**Extracted records**.

# # # #

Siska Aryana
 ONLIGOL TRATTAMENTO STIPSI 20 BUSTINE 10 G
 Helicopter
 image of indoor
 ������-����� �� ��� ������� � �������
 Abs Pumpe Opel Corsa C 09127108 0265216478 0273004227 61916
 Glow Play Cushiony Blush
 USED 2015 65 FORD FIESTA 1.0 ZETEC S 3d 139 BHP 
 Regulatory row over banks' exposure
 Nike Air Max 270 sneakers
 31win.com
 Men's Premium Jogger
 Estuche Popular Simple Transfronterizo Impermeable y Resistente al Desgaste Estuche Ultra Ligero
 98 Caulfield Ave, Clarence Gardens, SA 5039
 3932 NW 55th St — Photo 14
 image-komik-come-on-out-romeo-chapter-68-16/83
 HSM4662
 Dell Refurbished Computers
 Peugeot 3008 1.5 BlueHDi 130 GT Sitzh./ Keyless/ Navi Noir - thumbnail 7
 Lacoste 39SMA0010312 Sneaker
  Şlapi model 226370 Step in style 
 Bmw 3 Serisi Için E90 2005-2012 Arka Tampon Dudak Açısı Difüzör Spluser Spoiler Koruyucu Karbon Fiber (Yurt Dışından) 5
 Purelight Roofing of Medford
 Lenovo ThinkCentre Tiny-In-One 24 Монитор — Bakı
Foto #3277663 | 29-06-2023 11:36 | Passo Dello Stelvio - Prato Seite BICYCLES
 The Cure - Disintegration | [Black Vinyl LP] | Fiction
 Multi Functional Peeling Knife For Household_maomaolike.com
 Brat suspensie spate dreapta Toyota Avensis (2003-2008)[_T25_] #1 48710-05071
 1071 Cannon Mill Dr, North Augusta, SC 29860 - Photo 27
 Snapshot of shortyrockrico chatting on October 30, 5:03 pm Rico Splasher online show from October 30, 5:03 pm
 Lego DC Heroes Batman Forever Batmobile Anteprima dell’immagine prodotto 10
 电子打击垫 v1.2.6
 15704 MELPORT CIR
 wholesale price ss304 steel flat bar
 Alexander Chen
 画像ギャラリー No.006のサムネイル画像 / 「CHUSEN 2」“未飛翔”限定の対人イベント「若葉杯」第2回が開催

# # # #

**WHAT TO DO**.
All that belongs in the answer is the lines from the start of the entries above through the line containing "Glow Play Cushiony Blush", each given exactly.

**FINISHED EXERCISE**.
Siska Aryana
 ONLIGOL TRATTAMENTO STIPSI 20 BUSTINE 10 G
 Helicopter
 image of indoor
 ������-����� �� ��� ������� � �������
 Abs Pumpe Opel Corsa C 09127108 0265216478 0273004227 61916
 Glow Play Cushiony Blush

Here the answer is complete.